7In section 75(5) (alteration of release of offender subject to detention and training order), for “the youth court” substitute “ a youth court ”.

8In section 77 (detention and training orders: breach of supervision requirements), after subsection (4) insert—

(5)An offender may appeal to the Crown Court against any order made under subsection (3)(a) or (b) above.
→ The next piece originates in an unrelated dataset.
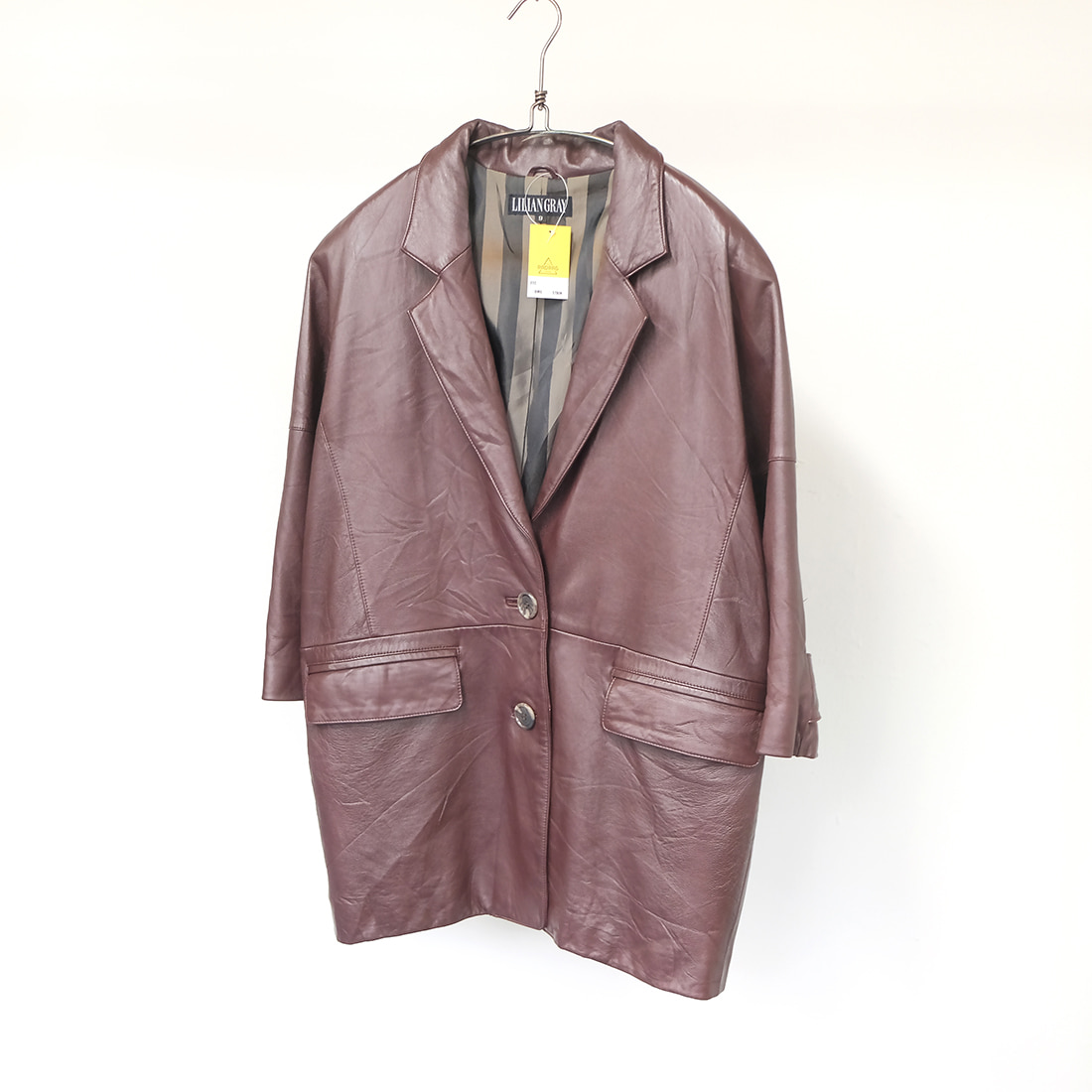 릴리안그레이 / Made in japan  Liliangray overfit 7/10 sleeve double sheepskin jacket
9In section 79 (interaction of detention and training order with sentences of detention), after subsection (2) insert—

(2A)Subsection (1)(a) above has effect subject to section 78(3)(a) above and subsection (2)(a) above has effect subject to section 40(4)(b) of the 1991 Act.

10(1)Paragraph 3 of Schedule 5 (failure to comply with reparation and action plan orders) is amended as follows.

(2)In sub-paragraph (2)(b), for “youth court” substitute “ magistrates’ court ”.

(3)Omit sub-paragraph (3).

(4)After sub-paragraph (8) insert—

(9)Where a reparation order or action plan order has been made on appeal, for the purposes of this paragraph it shall be deemed—

(a)if it was made on an appeal brought from a magistrates’ court, to have been made by that magistrates’ court;

(b)if it was made on an appeal brought from the Crown Court or from the criminal division of the Court of Appeal, to have been made by the Crown Court;

and, in relation to a reparation order or action plan order made on appeal, sub-paragraph (2)(b) above shall have effect as if the words “if the order had not been made” were omitted and sub-paragraph (5) above shall have effect as if the words “if it had not made the order” were omitted.

11(1)Paragraph 4 of that Schedule (presence of offender in court, remands, etc.) is amended as follows.

(2)In sub-paragraph (5)(b), for “(6)” substitute “ (7A) ”.

(3)Omit sub-paragraph (6).

(4)In sub-paragraph (7), at the beginning insert “ Subject to sub-paragraph (7A) below, ”.

(5)After sub-paragraph (7) insert—

(7A)Where the offender is aged 18 or over at the time when he is brought before a youth court other than the appropriate court under sub-paragraph (4) above, or is aged 18 or over at a time when (apart from this sub-paragraph) the appropriate court could exercise its powers under sub-paragraph (7) above in respect of him, he shall not be remanded to local authority accommodation but may instead be remanded—

(a)to a remand centre, if the court has been notified that such a centre is available for the reception of persons under this sub-paragraph; or

(b)to a prison, if it has not been so notified.

12Omit paragraph 5(6) of that Schedule.